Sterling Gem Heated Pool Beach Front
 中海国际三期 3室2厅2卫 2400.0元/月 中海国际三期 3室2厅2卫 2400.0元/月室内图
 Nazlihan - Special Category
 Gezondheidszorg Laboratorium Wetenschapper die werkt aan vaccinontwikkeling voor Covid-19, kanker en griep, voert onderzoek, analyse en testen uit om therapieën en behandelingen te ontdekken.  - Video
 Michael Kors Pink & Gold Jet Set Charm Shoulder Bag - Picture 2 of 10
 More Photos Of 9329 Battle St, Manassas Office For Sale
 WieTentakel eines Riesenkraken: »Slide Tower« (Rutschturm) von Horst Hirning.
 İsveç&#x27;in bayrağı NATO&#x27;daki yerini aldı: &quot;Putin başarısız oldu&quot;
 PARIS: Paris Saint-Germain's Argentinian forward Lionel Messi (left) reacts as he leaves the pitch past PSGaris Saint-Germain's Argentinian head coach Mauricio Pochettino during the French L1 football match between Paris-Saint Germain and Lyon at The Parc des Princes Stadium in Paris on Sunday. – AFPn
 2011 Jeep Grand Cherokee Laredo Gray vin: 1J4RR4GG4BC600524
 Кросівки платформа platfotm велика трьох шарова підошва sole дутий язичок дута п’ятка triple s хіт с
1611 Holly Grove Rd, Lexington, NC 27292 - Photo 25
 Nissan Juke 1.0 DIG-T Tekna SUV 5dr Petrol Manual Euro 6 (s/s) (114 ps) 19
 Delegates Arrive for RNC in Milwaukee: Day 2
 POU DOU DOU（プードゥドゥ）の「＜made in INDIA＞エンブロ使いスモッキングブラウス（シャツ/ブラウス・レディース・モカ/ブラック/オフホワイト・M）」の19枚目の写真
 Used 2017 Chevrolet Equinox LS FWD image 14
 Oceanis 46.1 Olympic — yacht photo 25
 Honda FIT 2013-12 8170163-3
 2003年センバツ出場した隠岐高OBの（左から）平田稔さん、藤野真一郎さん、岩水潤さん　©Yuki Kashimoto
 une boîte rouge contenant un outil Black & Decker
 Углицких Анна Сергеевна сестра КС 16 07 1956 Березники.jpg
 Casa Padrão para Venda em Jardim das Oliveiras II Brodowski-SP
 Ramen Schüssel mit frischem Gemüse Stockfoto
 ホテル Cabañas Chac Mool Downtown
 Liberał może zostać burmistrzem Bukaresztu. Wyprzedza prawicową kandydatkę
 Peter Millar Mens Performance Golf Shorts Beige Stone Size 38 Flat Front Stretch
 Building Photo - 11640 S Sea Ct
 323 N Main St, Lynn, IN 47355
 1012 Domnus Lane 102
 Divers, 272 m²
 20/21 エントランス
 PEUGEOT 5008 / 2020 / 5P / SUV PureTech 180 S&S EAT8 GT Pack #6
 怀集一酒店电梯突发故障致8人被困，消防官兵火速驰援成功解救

[AIM OF THE EXERCISE]:
Start with the line above that contains "Peter Millar Mens" and end with the line that contains "20/21 エントランス". Write out those lines exactly, and only those.

[SOLUTION TO THE EXERCISE]:
 Peter Millar Mens Performance Golf Shorts Beige Stone Size 38 Flat Front Stretch
 Building Photo - 11640 S Sea Ct
 323 N Main St, Lynn, IN 47355
 1012 Domnus Lane 102
 Divers, 272 m²
 20/21 エントランス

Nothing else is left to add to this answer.